- **Instructions for the task**: Pictures do not belong in the output. Reproduce exactly the lines from the start of the records through the line with "Ehtopari >=, <= verrattaessa".

- **Data to examine**:
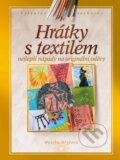 Kniha: Hrátky s textilem (Monika Brýdová). CPRESS, 2010 Kniha: Hrátky s textilem (Monika Brýdová). CPRESS, 2010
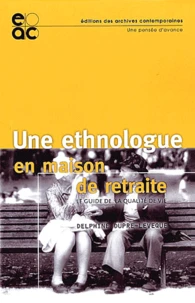 Une ethnologue en maison de retraite.
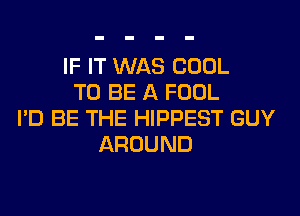 IF IT WAS COOL
TO BE A FOOL
I'D BE THE HIPPEST GUY
AROUND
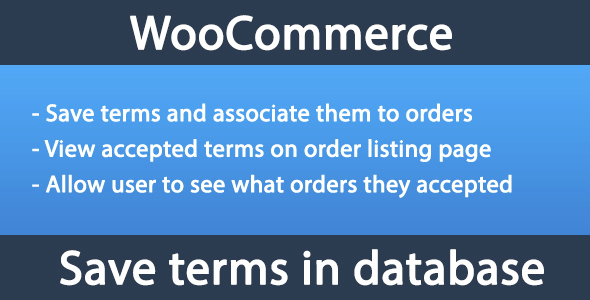 Woocommerce Save Terms And Conditions In Database Preview Wordpress Plugin - Rating, Reviews, Demo & Download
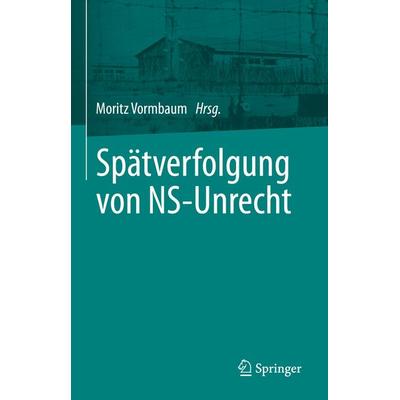 Spätverfolgung von NS-Unrecht, Gebundene Ausgabe von , Springer Berlin, 978-3-662-66477-3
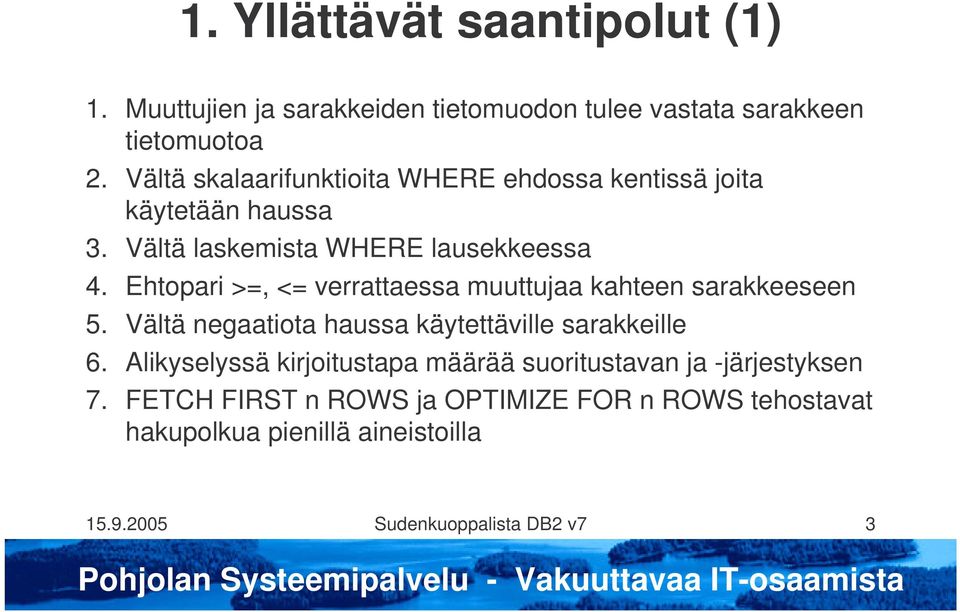 Ehtopari >=, <= verrattaessa muuttujaa kahteen sarakkeeseen 5. Vältä negaatiota haussa käytettäville sarakkeille 6.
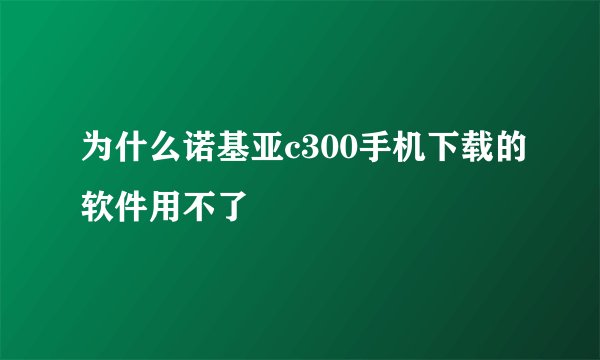为什么诺基亚c300手机下载的软件用不了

- **Exercise result**:
 Kniha: Hrátky s textilem (Monika Brýdová). CPRESS, 2010 Kniha: Hrátky s textilem (Monika Brýdová). CPRESS, 2010
 Une ethnologue en maison de retraite.
 IF IT WAS COOL
TO BE A FOOL
I'D BE THE HIPPEST GUY
AROUND
 Woocommerce Save Terms And Conditions In Database Preview Wordpress Plugin - Rating, Reviews, Demo & Download
 Spätverfolgung von NS-Unrecht, Gebundene Ausgabe von , Springer Berlin, 978-3-662-66477-3
 Ehtopari >=, <= verrattaessa muuttujaa kahteen sarakkeeseen 5. Vältä negaatiota haussa käytettäville sarakkeille 6.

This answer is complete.